- Theatrical release poster
- Directed by: Kathlyn Horan
- Produced by: Kathlyn Horan; Julie Goldman; Christopher Clements; Carolyn Hepburn;
- Cinematography: Jessica Young
- Edited by: Brady Hammes
- Music by: Tanya Tucker; Brandi Carlile; Phil Hanseroth; Tim Hanseroth;
- Production companies: Motto Pictures; Impact Partners; Artemis Rising Foundation; TinFish Films; Fit Via Vi;
- Distributed by: Sony Pictures Classics
- Release dates: March 13, 2022 (SXSW); October 21, 2022 (United States);
- Running time: 108 minutes
- Country: United States
- Language: English
- Box office: $93,275

= The Return of Tanya Tucker: Featuring Brandi Carlile =

The Return of Tanya Tucker: Featuring Brandi Carlile is a 2022 American documentary film, directed and co-produced by Kathlyn Horan. It follows Tanya Tucker returning to the studio to record her first album in 10 years, While I'm Livin', collaborating with Brandi Carlile.

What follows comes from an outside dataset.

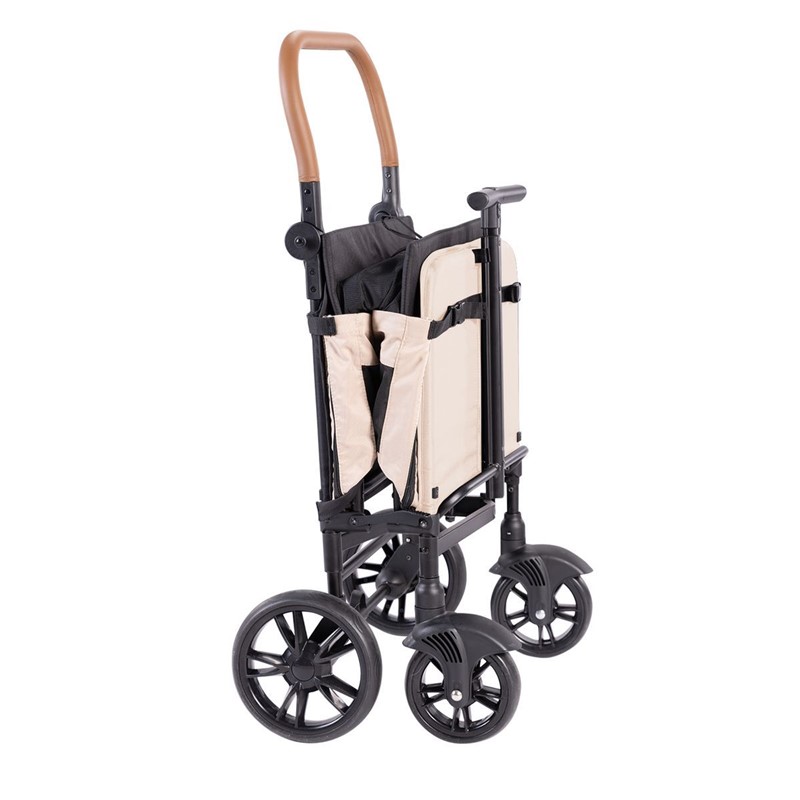 WAGON TRANSPORTE VERDE/CAQUI YVOLUTION - Imagen 14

The documentary film had its world premiere at South by Southwest on March 13, 2022, and was released in the United States on October 21, 2022, by Sony Pictures Classics. It became available on Blu Ray, DVD and digital on Jan 10, 2023.

==Plot==
Decades after Tanya Tucker slipped from the spotlight, music star Brandi Carlile writes an entire album for her hero based on Tanya's extraordinary life, spurring the greatest comeback in country music history.

==Awards==
• SXSW Audience Award - Winner

• Hollywood Music in Media Awards - “Ready As I’ll Never Be” - Best Song, Documentary - Winner (Tanya Tucker & Brandi Carlile)

• Satellite Award for Best Documentary Film - Nominee

• Guild of Music Supervisors Award - Best Song Written and/or Recorded for a Film - Nominee (Ready as I’ll Never Be - Tanya Tucker/Brandi Carlile)

• Music City Film Critics - Jim Ridley Award - Nominee

• Woodstock Film Festival - Best Editing - Winner

• Critics Choice Documentary Awards - Best Music Documentary - Nominee

• Cleveland International Film Festival - Best Documentary - Nominee

==Release==
The film had its world premiere at South by Southwest on March 13, 2022. Shortly after, Sony Pictures Classics acquired distribution rights to the film. The film was screened at the 2022 Toronto International Film Festival on September 12, 2022 and was released on October 21, 2022.

The film was accompanied by the song "Ready as I'll Never Be", which was written by Tucker and Carlile. The song was subsequently included on Tucker's album Sweet Western Sound.

The movie was added to Netflix US on October 1, 2023.

==Reception==
The Return of Tanya Tucker: Featuring Brandi Carlile received positive reviews from film critics. On Rotten Tomatoes it has a 92% approval rating based on reviews from 48 critics. The website's consensus reads, "Lengthy title notwithstanding, The Return of Tanya Tucker: Featuring Brandi Carlile pays affectionate tribute to the powerful purity of both artists' music."